A subset of the BTD (from 2015 to 2017) was used to validate the wind radii.
Error statistics are summarized in Table 3. The values indicate that, for
all basins combined, the RMSD between the BTD and the proposed relations for
the RMW is 17 % lower than compared to VW08 (RMSD of 18 km compared to
21 km). In the NEPO basin, VW08 performs relatively better than at other
basins. When comparing the performance of the proposed relations and VW08,
it is important to note that the relation of VW08 was derived for storms
with central pressures lower than 980 hPa, thereby explicitly focusing on
the most severe TCs. When the data were filtered to include only data points
with a pressure drop (Δ*p*_{c}) larger than 30 hPa, the RMSD decreases and differences become much smaller (0 %–10 % decrease in RMSD). Moreover, the bias also decreases.

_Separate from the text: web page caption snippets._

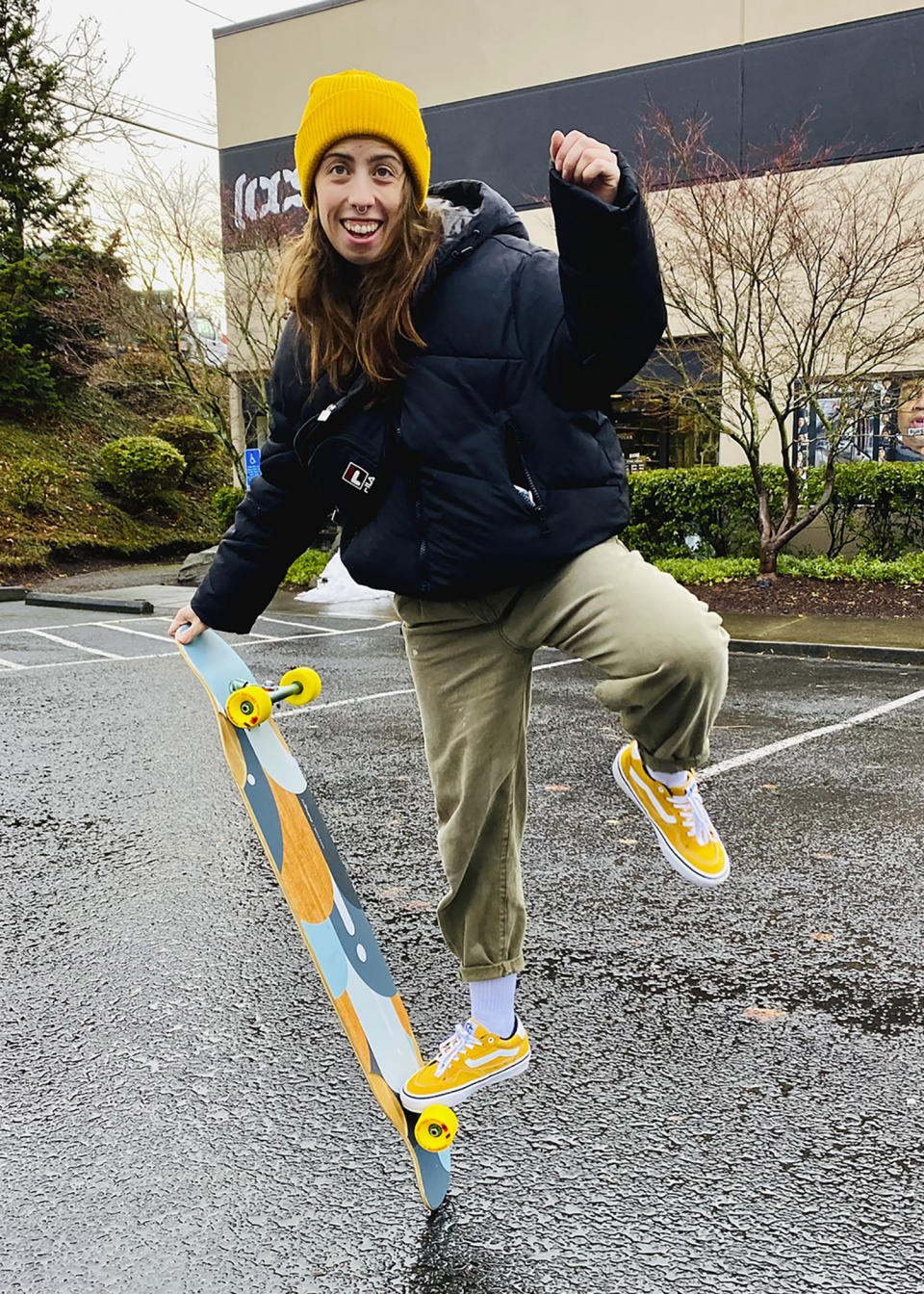 Hannah Dooling poses with her longboard outside Daddies Board Shop in Portland, Ore., in December 2021. Longboard dancing is still in its infancy. But fans say the skate/dance hybrid has already spread in southern California, Paris, Seoul and other places with public squares or wide, open sidewalks. (Devon Hubner, via AP)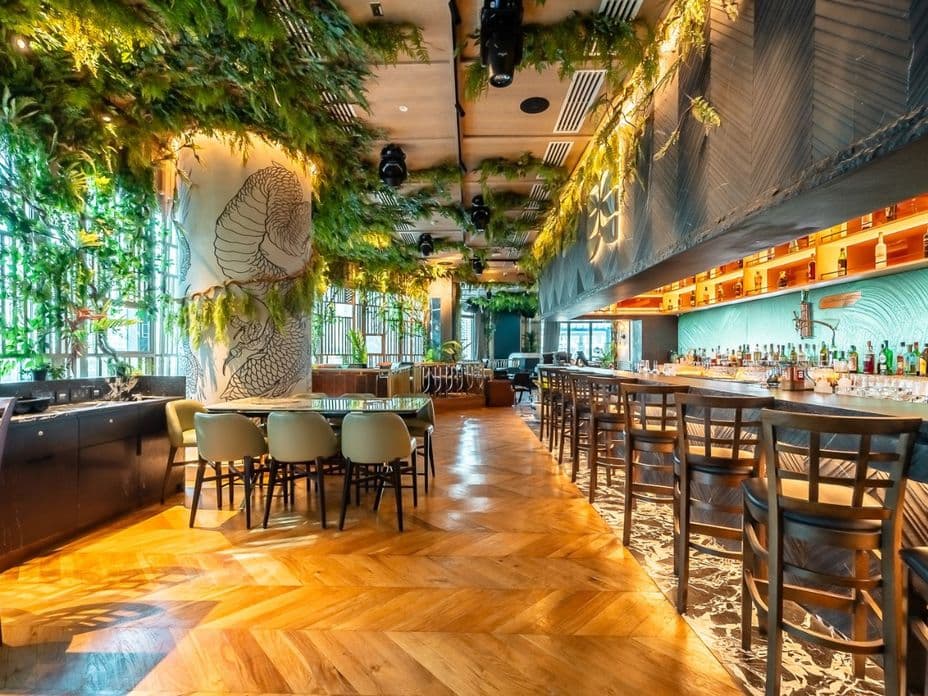 Bright upscale bar/restaurant interior with wooden herringbone floor, long bar and stools, lush hanging greenery, dragon mural column, warm lighting.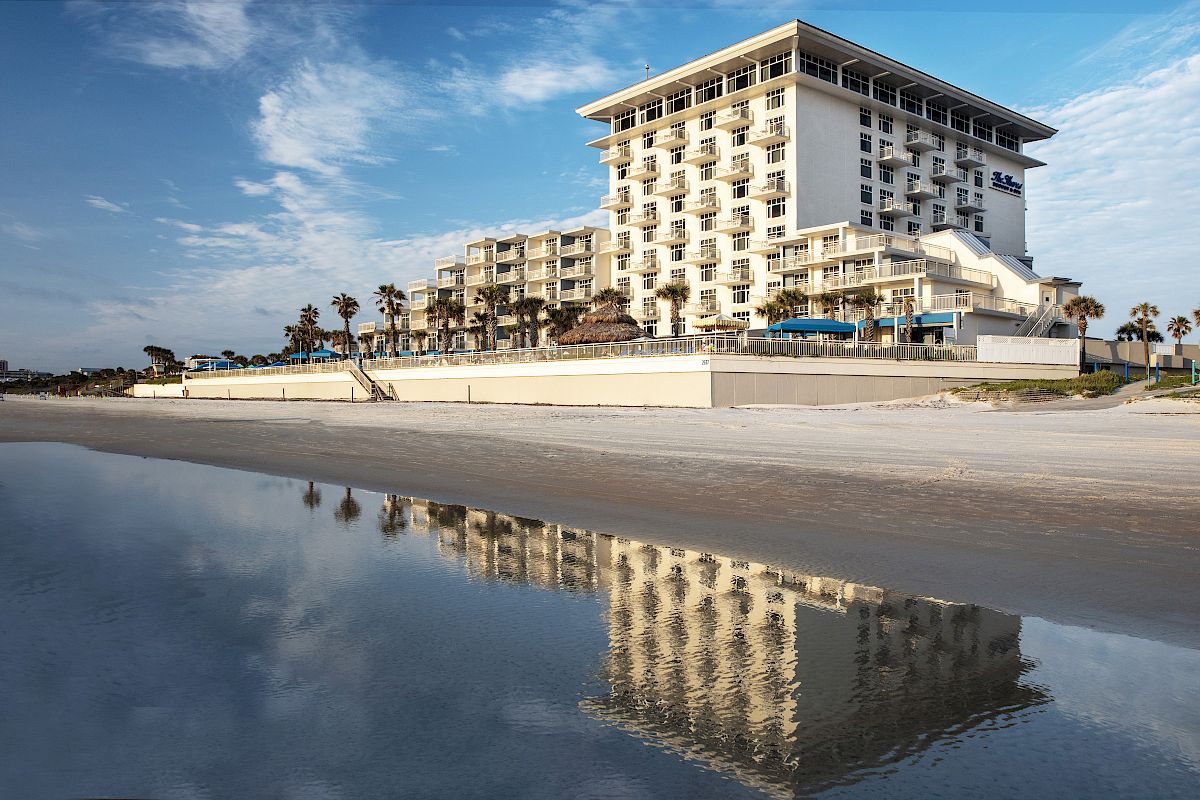 A seaside hotel with white walls is reflected in shallow water under a blue sky. Palm trees and beach with sand are visible in the background.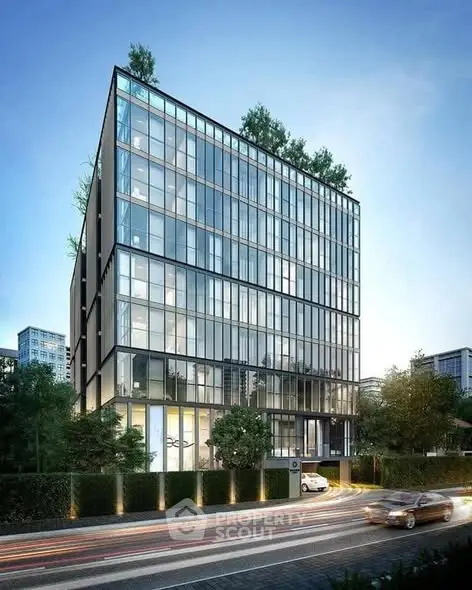 Modern glass facade building with lush greenery and sleek design in urban setting.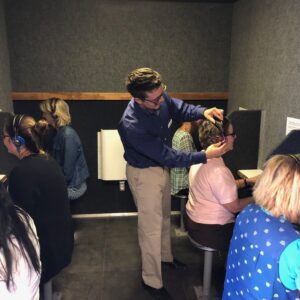 Hearing test booths with people and examiner.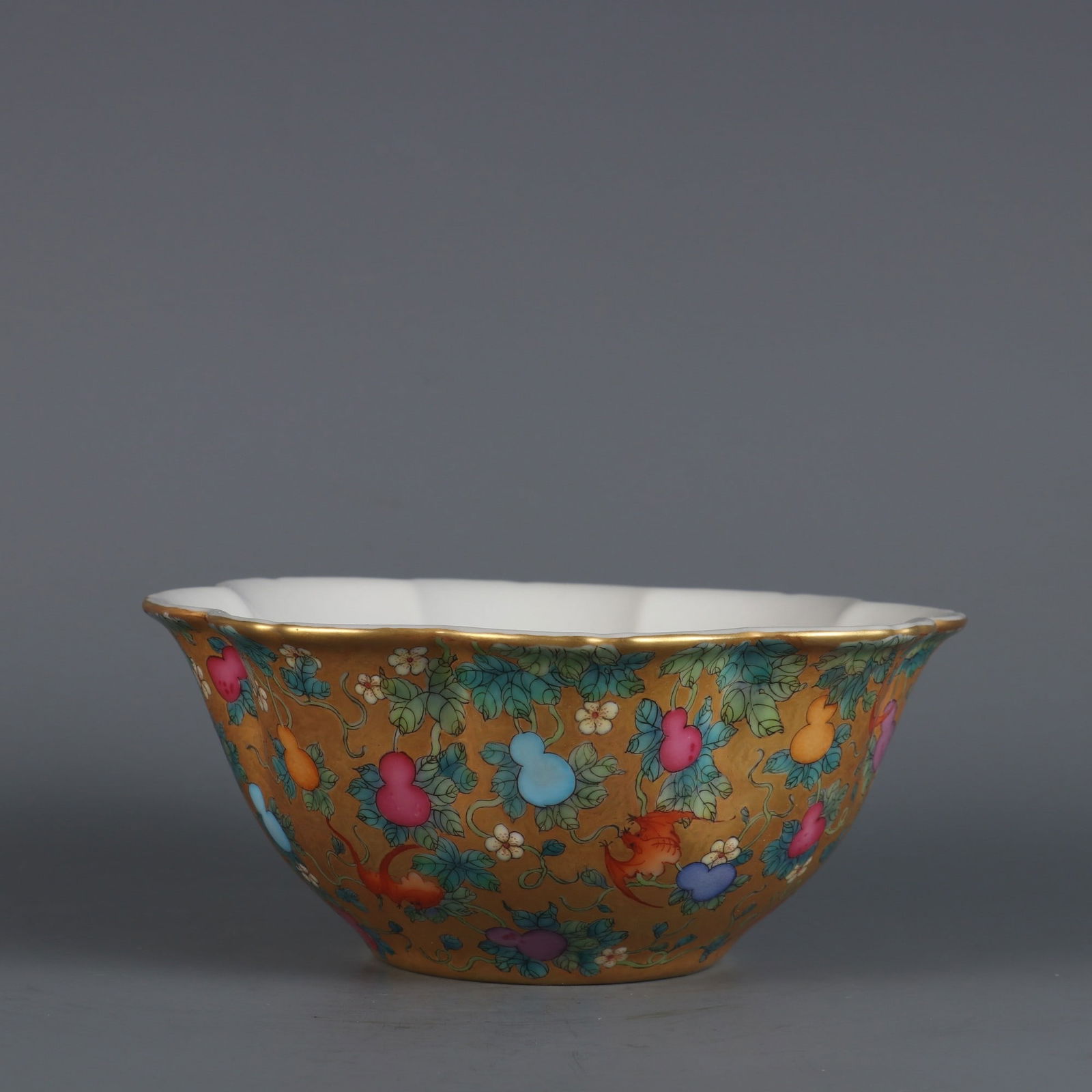 An Exquisite Gold Ground Famille-Rose Bats,Gourd and Flower Pattern Bowl (1 of 9)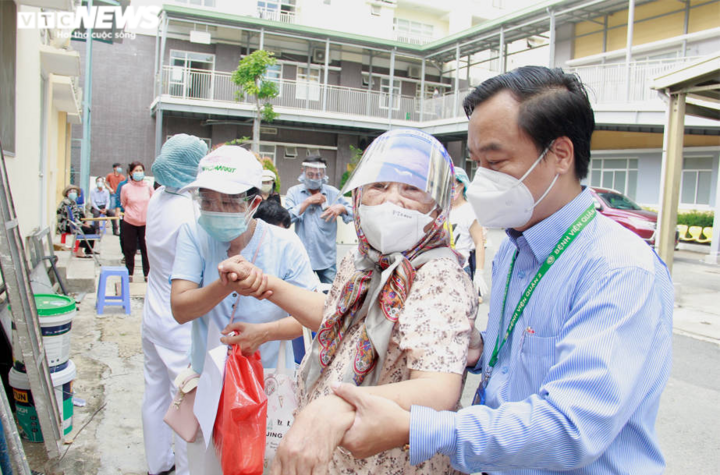 Người già mắc bệnh nền ở TP.HCM ngồi xe lăn, chống gậy đi tiêm vaccine COVID-19 - 5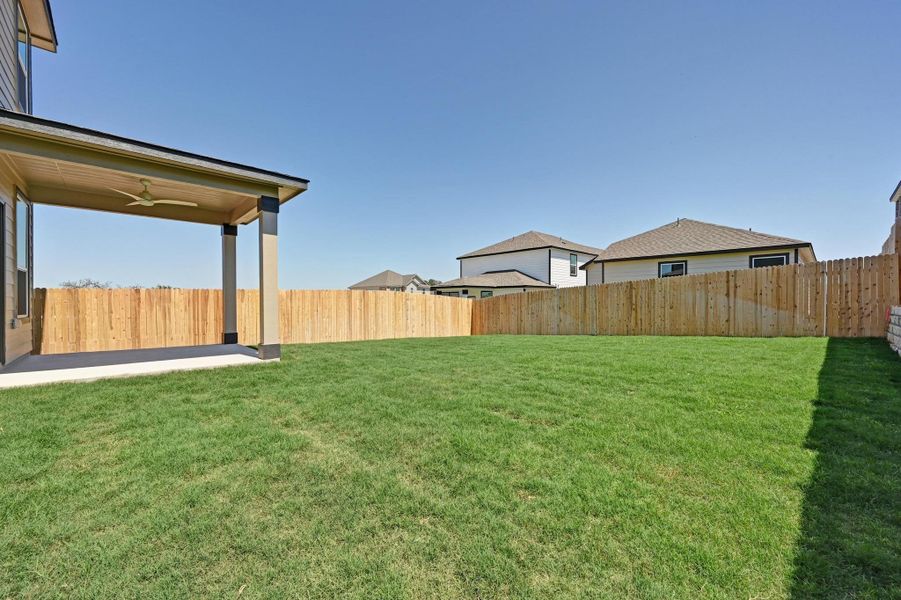 Exterior details and patio area of a home in Creekside at Estancia, Austin (Image 4).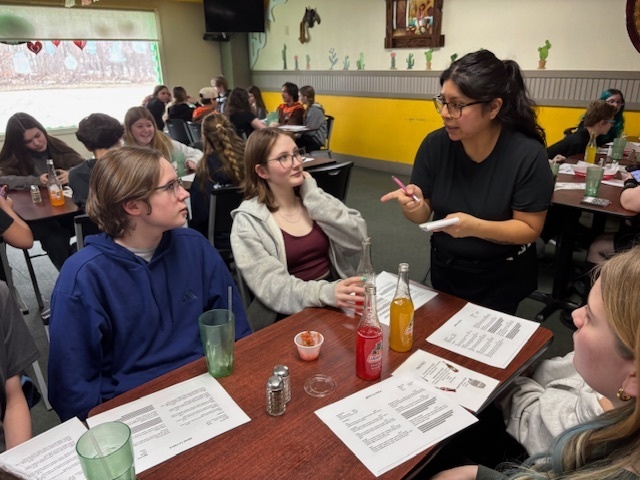 a waitress speaking to students sitting at a table in a restuarant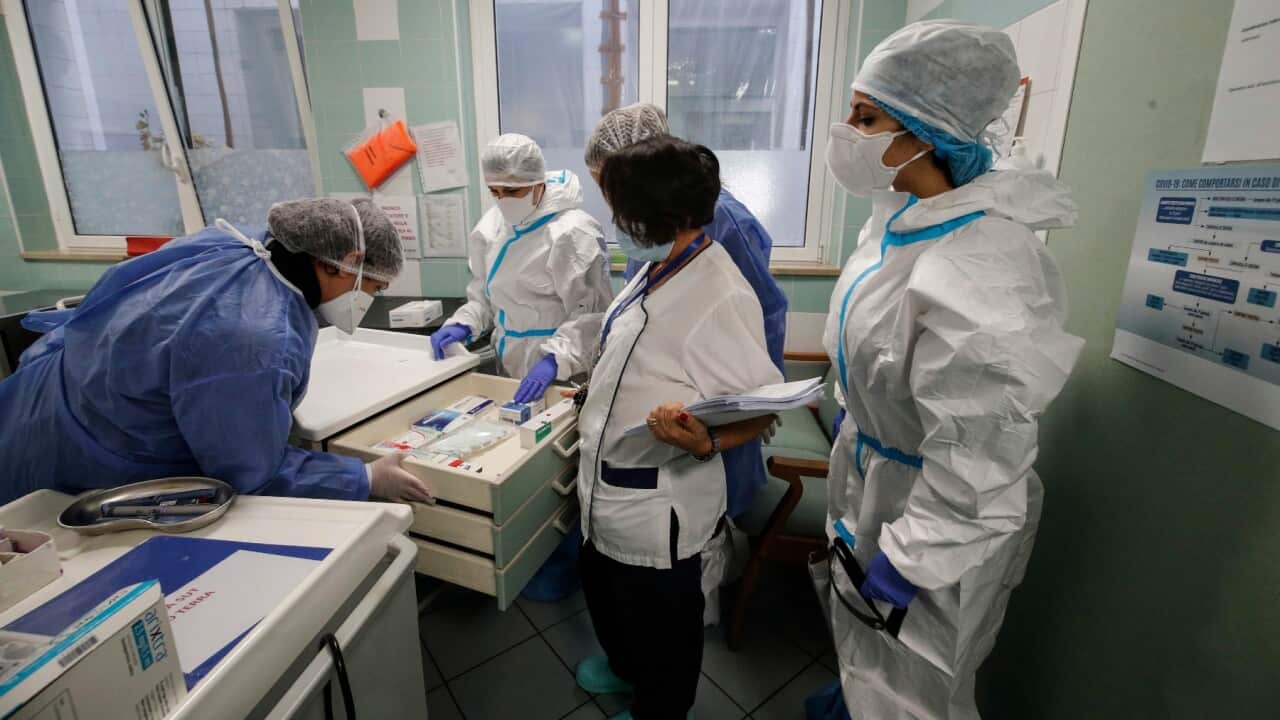 A health worker prepares a Pfizer-BioNTech vaccine against COVID-19.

Table 4 shows the error statistics related to the estimation of ΔAR35. In particular, the RMSD between the proposed relations and the BTD for all basins combined is 25 % lower compared to CLIPER (RMSD of 74 km compared to 94 km) and there is a negative bias ranging between 9 and 37 km. Remarkably, the deviations of the ΔAR35 based on BTD in the NIO and SEIO from CLIPER are significantly smaller compared to the differences for the AO for which CLIPER was derived. When the H10 wind profile is applied without additional information to compute the decay of wind speeds away from the eye wall (H80), the ΔAR35 is strongly overestimated (overall bias of 177 km).

The QSCAT-R database was used to validate the computed (outer) azimuthal
wind speeds while using the H10 wind profile in combination with several
sources to constrain the decay of wind speeds. QuikSCAT includes 690 unique
tropical cyclones and is known to provide reliable results for outer wind
speeds of lower intensity. Figure 7 displays the error profile, representing
the difference between modeled wind speed and measured data based on
QuikSCAT, as a function of the normalized radius. This means that for all
validated TCs the radius on the *x* axis is divided by the RMW. A horizontal
line equal to zero indicates no difference between modeled and measured wind
speed data, while the solid colored lines represent the median difference.
The filled area indicates the interquartile range (IQR).

The figure shows that in combination with the H10 wind profile the proposed relationships result in the smallest difference with respect to the measured wind speeds (green line). However, applying the H10 wind profile with observed values for the wind radii (i.e., based on BTD values) results in an underestimation of the modeled outer winds (blue line). On the other hand, applying the H10 wind profile, without additional information on the gale-force winds (H80), results in a strong overestimation of the outer winds (red line). Similarly, a combination of other existing relationships for RMW (VW08) and ΔAR35 (CLIPER) results in an overestimation of the outer winds but to a lesser degree (orange line).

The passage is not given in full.